Senkumar’s statements have drawn the ire of Muslims across the state, while gathering support from some other corners.
Many Muslims have pointed out that they should not be blamed if Hindus and Christians choose to have fewer kids.
“We are ahead of you, because you are behind us,” said Facebook user Faisil Pachu in a widely circulated response, urging everyone irrespective of religion to have more kids.
The Christian and Hindu communities in the state have seen a steep decline in their fertility rates in the last three decades due to the adoption of the two-child norm.
However, this has also led to widening disparities in the population growth rates.

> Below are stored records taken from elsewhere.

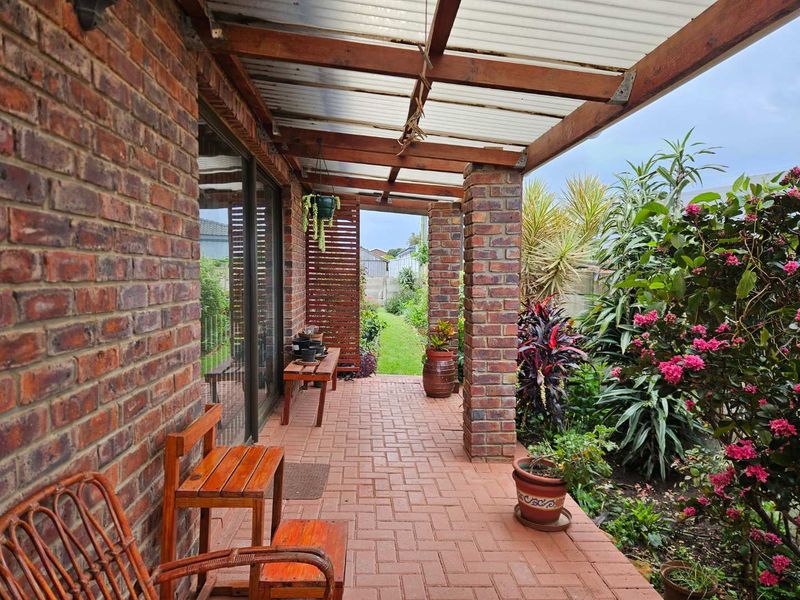 A covered outdoor patio featuring brick paving, sturdy brick pillars, and timber rafters, providing a seamless transition to the rear garden area.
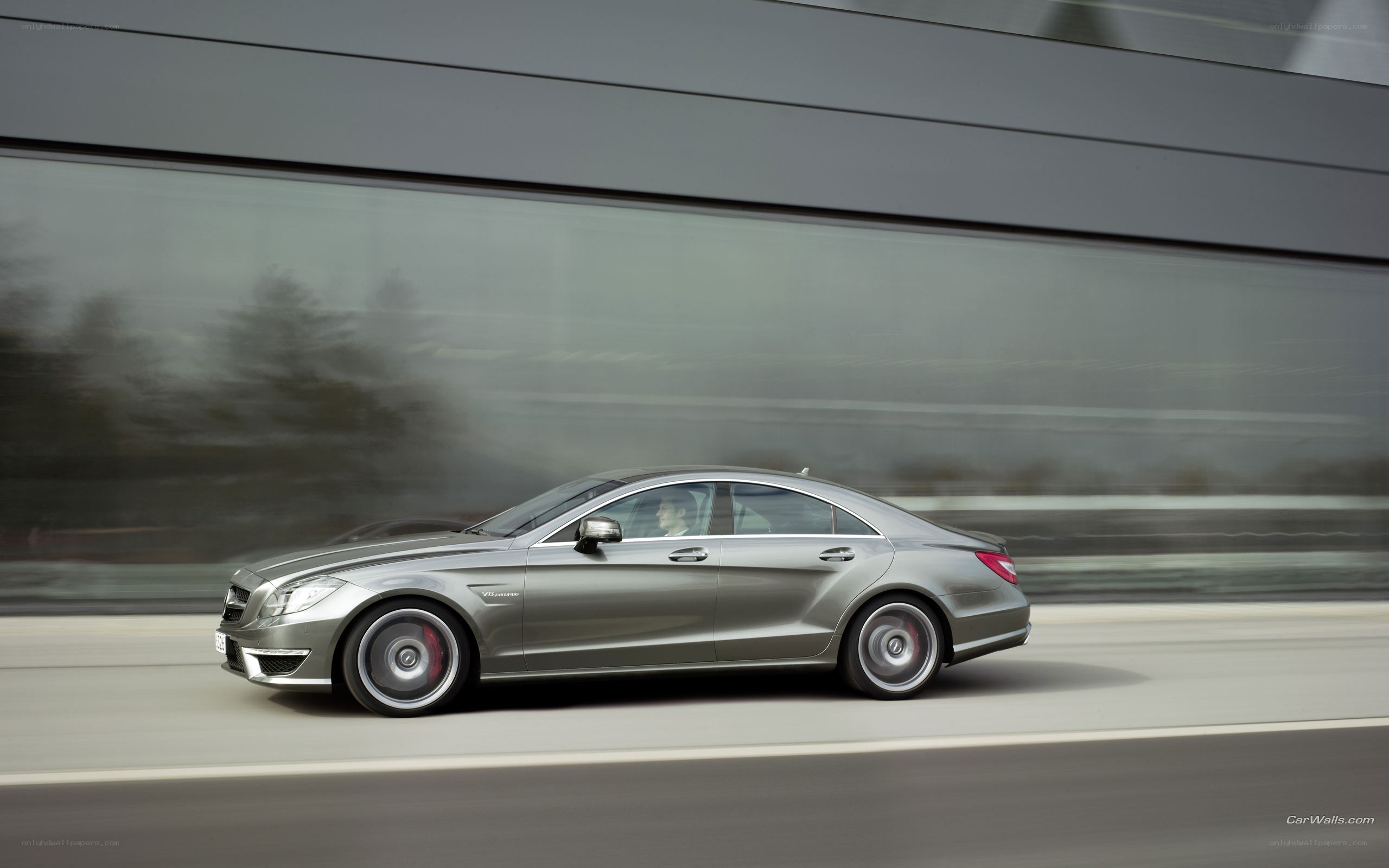 silver sedan in motion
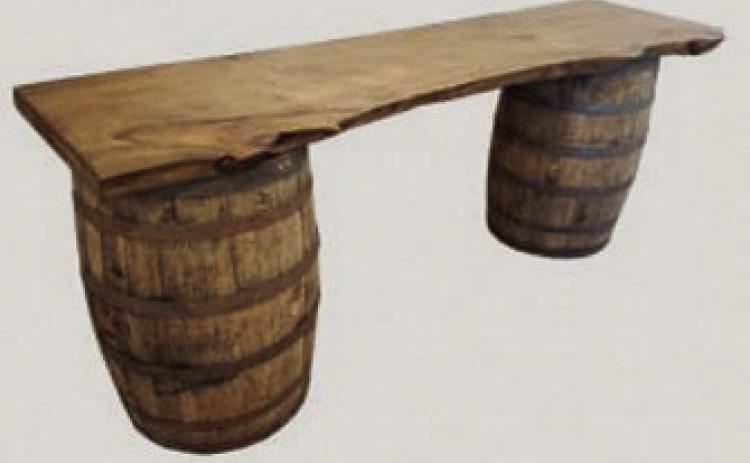 In its most basic form, a saloon might be created with a wooden plank resting atop two barrels in a tent. Courtesy Kansas Historical Society.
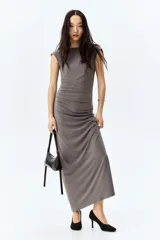 Vestido largo gris de punto elástico con leve brillo, corte entallado, escote drapeado, espalda escotada y pliegues laterales para crear un efecto drapeado. Sin mangas.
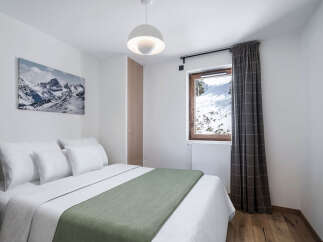 This cozy bedroom offers a serene retreat with stunning mountain views visible through the window.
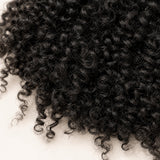 Seven UrbanChichair pre-separated kinky curly crochet hair strands with slim looped tops for easy installation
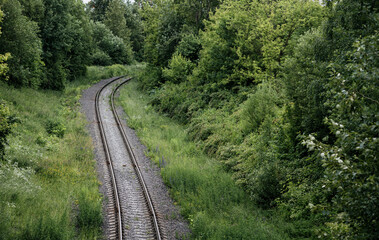Fototapeta na wymiar Rail tracks in the green field.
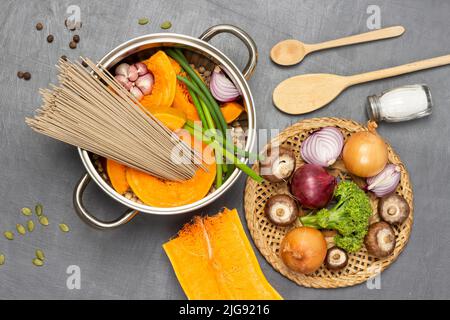 Mushrooms, onions and broccoli on wicker plate. Noodles, pumpkin and chickpeas in saucepan. Flat lay. Grey background. Stock Photo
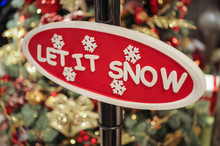 Close Up Of Christmas Decorations. Sign Let It Snow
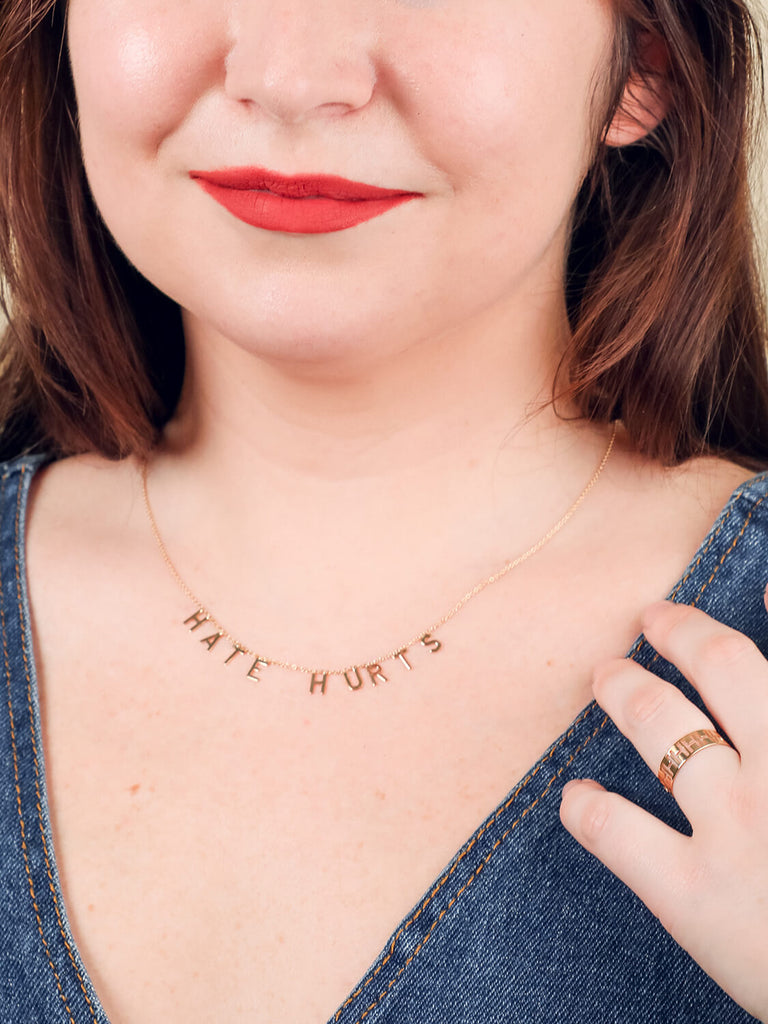 happy female model wearing "Hate Hurts" message necklace in yellow gold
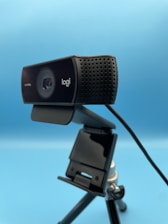 A black webcam mounted on a tripod against a blue background. The webcam has detailing with several small holes on one side, and branding on the front. A cable is visible, connected to the device.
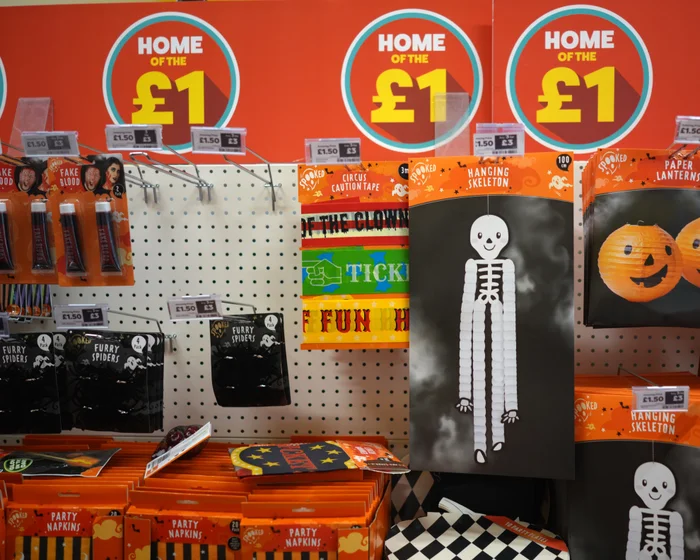 Exterior view of a Poundland discount storefront on a British high street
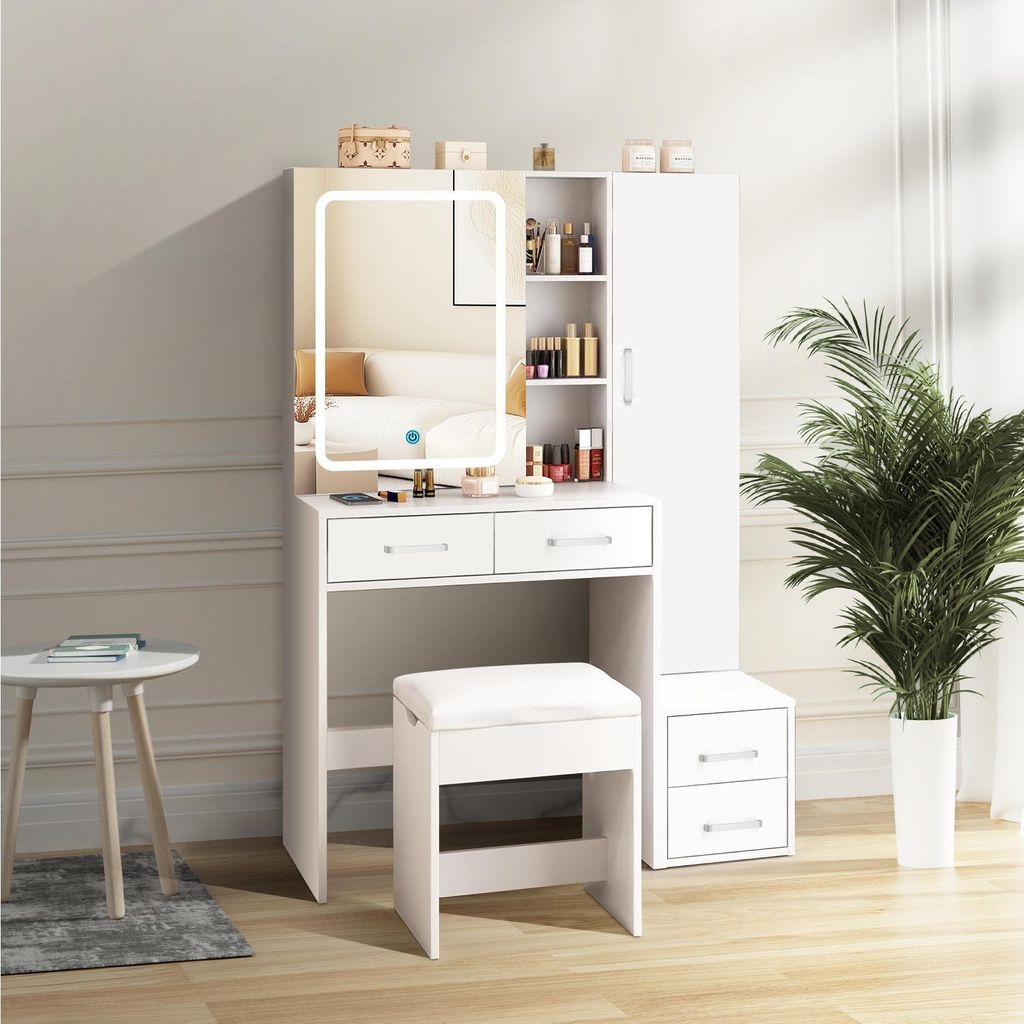 A white vanity set with a lighted mirror, drawers, and a stool, placed in a room with a plant and a small table.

Some Church organizations have even gone to the extent of giving financial support to parents within the community for having a third and a fourth child.
Vellappally Nateshan, head of SNDP — which functions largely like a community organization of the state’s largest Hindu group Ezhavas — recently urged Hindus to have three or four kids to ensure that they did not become a minority. The comment provided fodder for satirical programs on Kerala’s television news channels for several days.
Like its fellow South Indian states, Kerala has largely achieved population stability, and the state’s population has stopped growing.
With increasing education levels, the state has also faced a shortage of cheap manual laborers. This shortage is currently being met by the influx of lakhs of Bangla-speaking Muslims to the state in recent years.